Work to complete: Below, find the line containing "Блок питания для" and the line containing "IMG_0687.jpg"; reproduce exactly those two and every line between them, omitting pictures.
Supplied data Start Marker
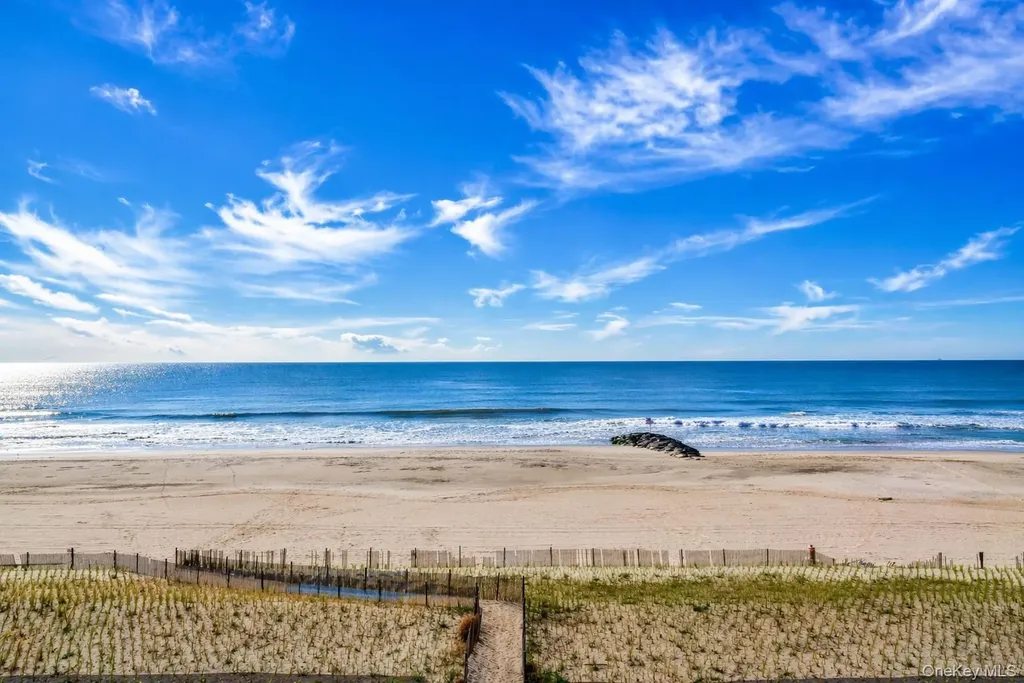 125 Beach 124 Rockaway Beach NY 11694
Supplied data End Marker
Supplied data Start Marker
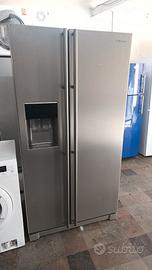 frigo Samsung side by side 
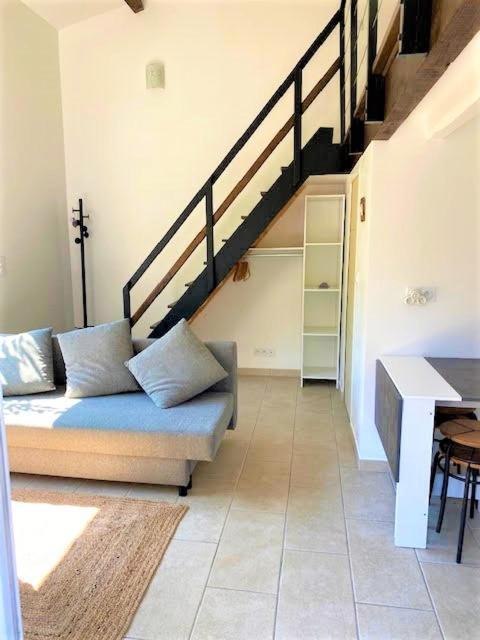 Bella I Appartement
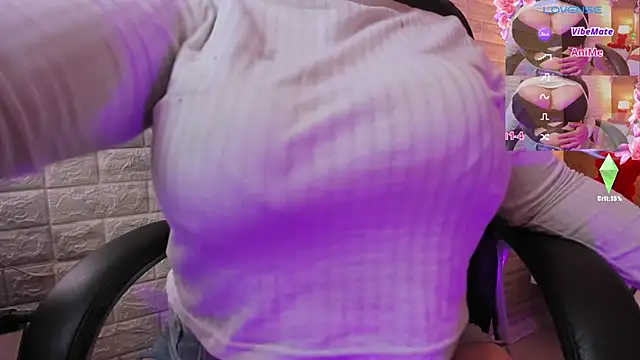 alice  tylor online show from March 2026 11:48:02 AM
Supplied data End Marker
Supplied data Start Marker
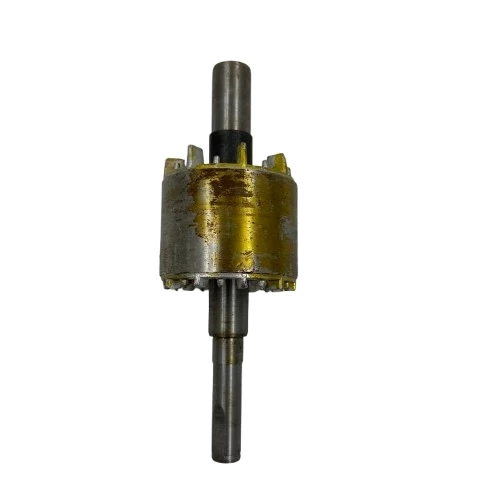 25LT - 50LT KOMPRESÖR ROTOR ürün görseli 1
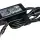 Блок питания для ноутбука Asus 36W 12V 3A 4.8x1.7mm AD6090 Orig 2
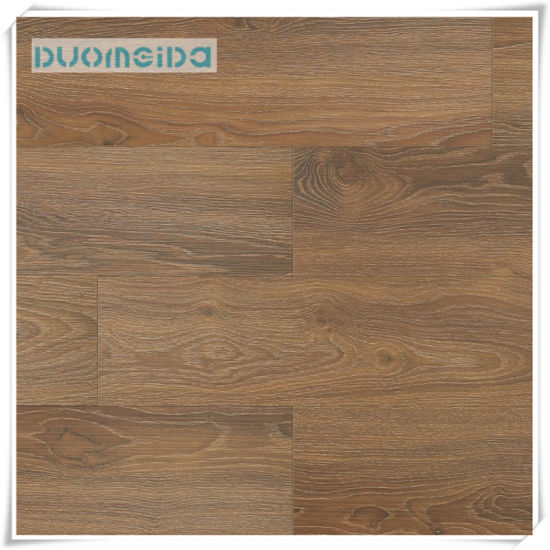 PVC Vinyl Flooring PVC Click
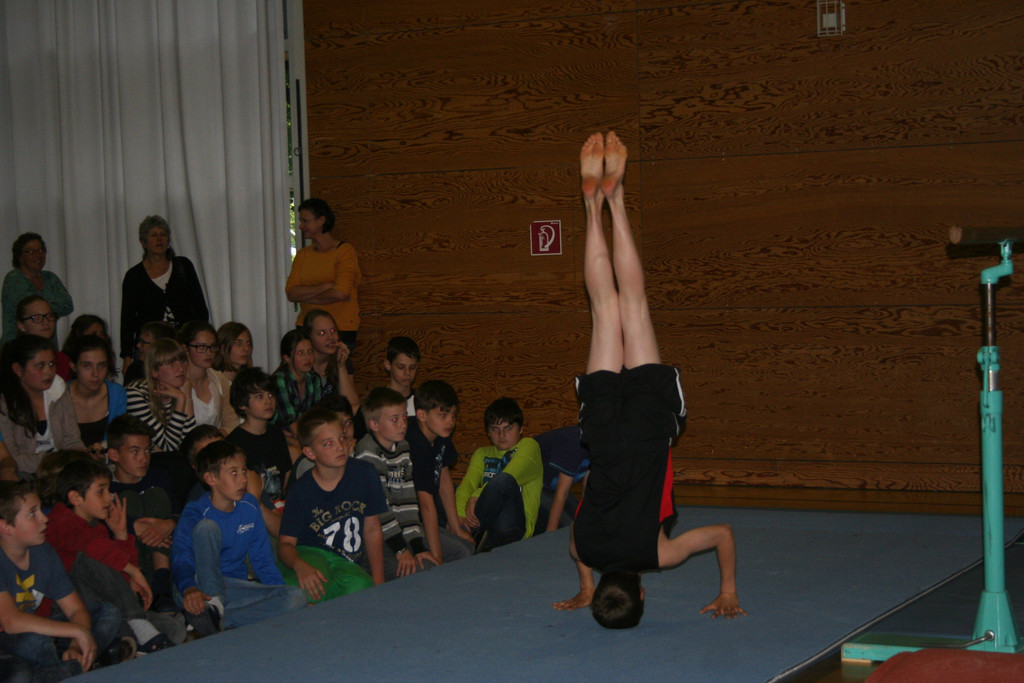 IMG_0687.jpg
Supplied data End Marker
Response area:
 Блок питания для ноутбука Asus 36W 12V 3A 4.8x1.7mm AD6090 Orig 2
 PVC Vinyl Flooring PVC Click
 IMG_0687.jpg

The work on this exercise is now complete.